Start of PROVIDED DATA

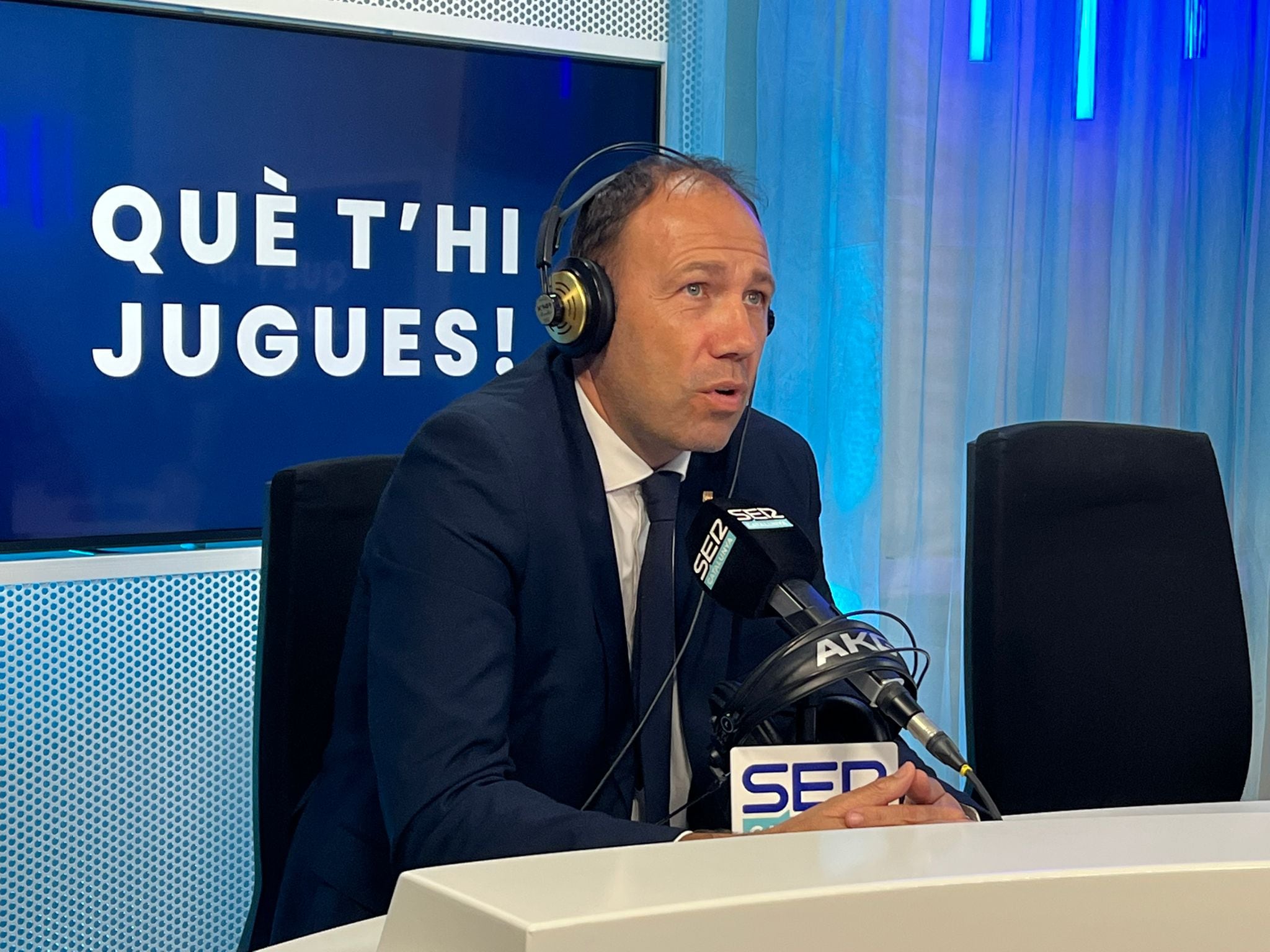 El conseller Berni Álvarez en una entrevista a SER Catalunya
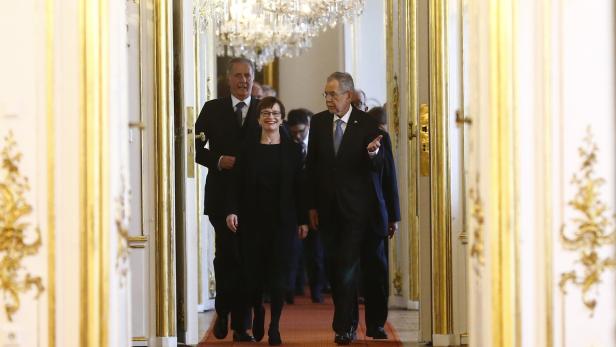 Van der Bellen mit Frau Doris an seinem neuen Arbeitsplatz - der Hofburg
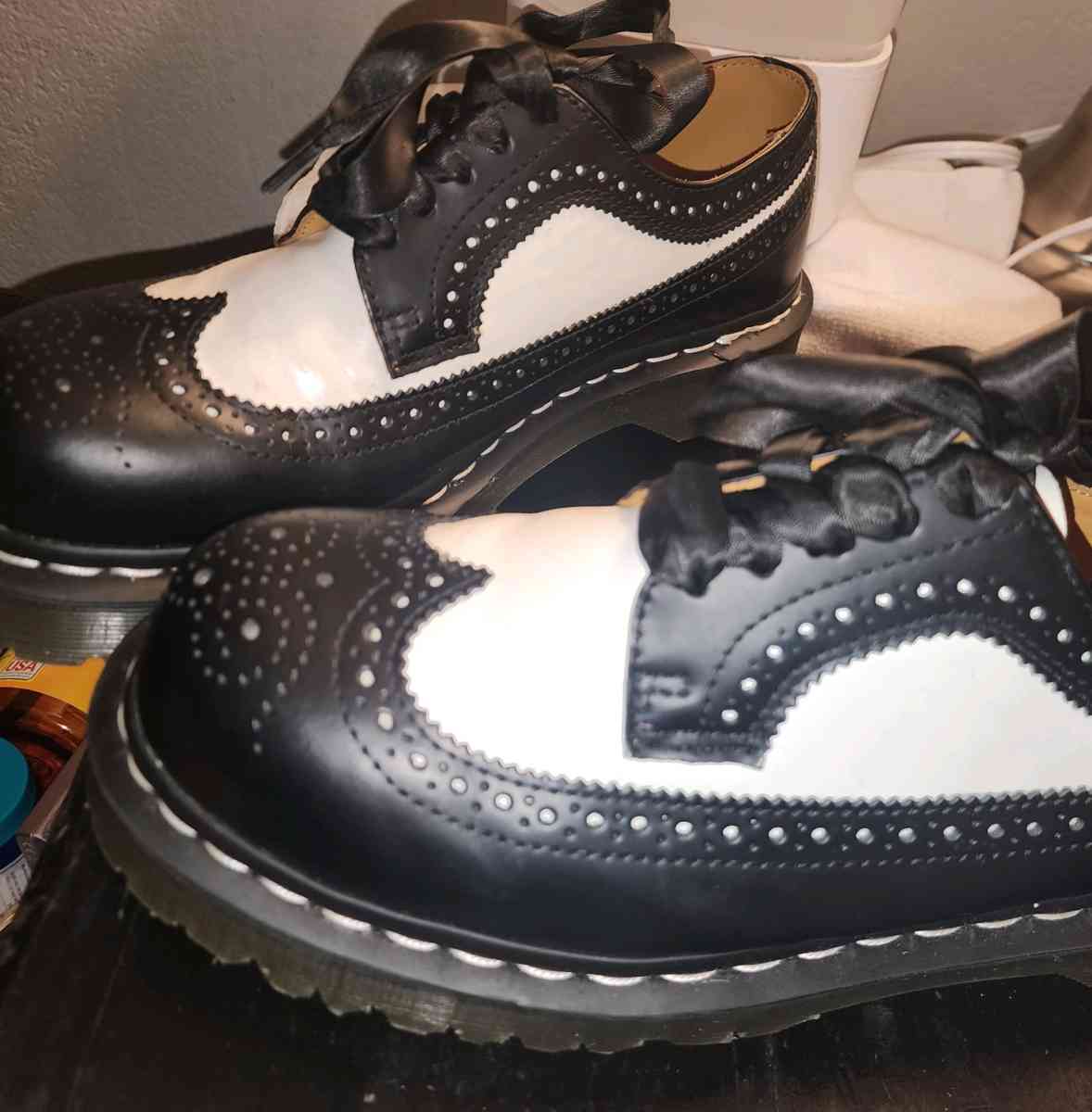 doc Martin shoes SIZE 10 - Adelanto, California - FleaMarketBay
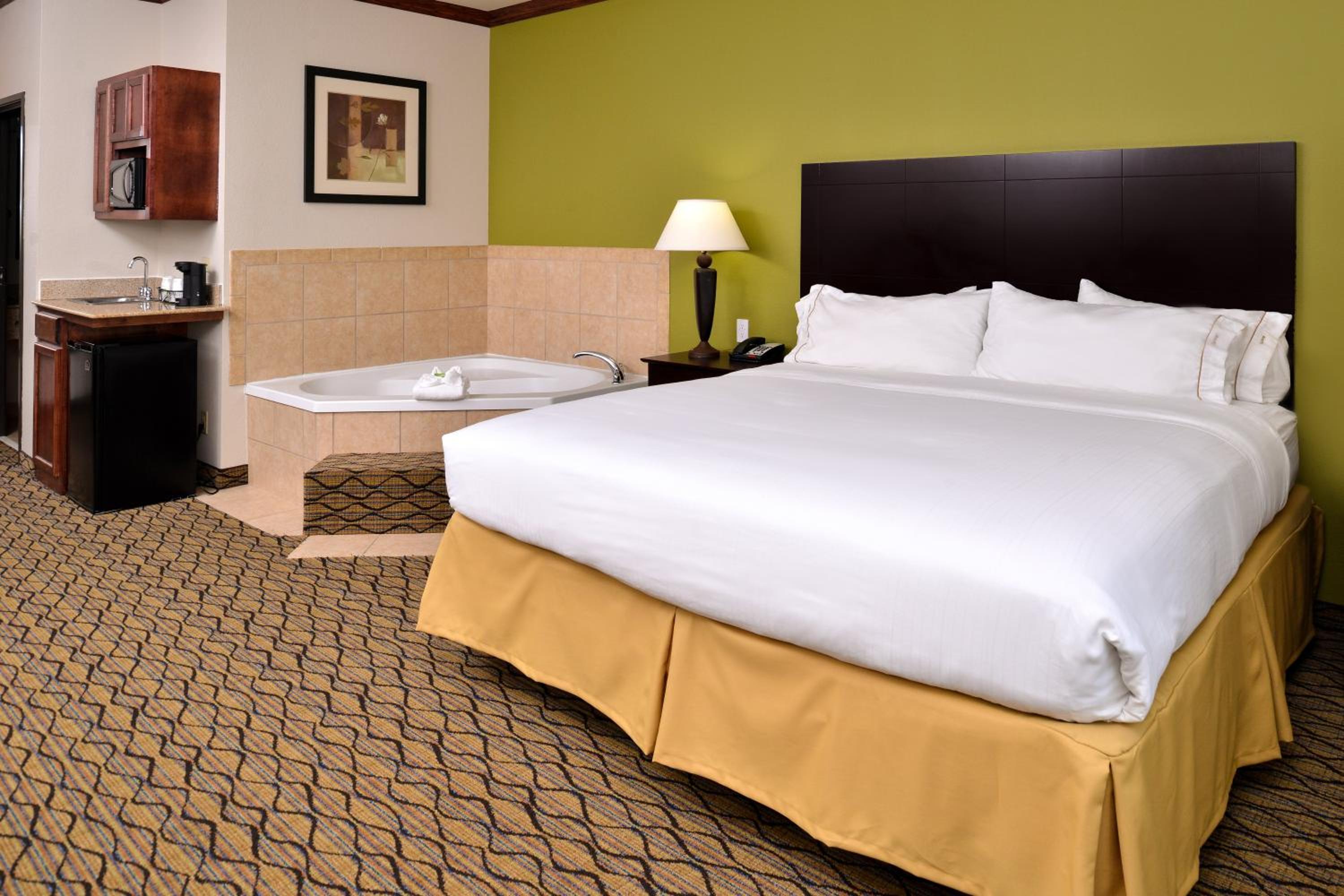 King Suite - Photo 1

End of PROVIDED DATA

» TASK PROMPT: Put each line of the listing above into the copy exactly, dropping the pictures.

» SOLUTION:
 El conseller Berni Álvarez en una entrevista a SER Catalunya
 Van der Bellen mit Frau Doris an seinem neuen Arbeitsplatz - der Hofburg
 doc Martin shoes SIZE 10 - Adelanto, California - FleaMarketBay
 King Suite - Photo 1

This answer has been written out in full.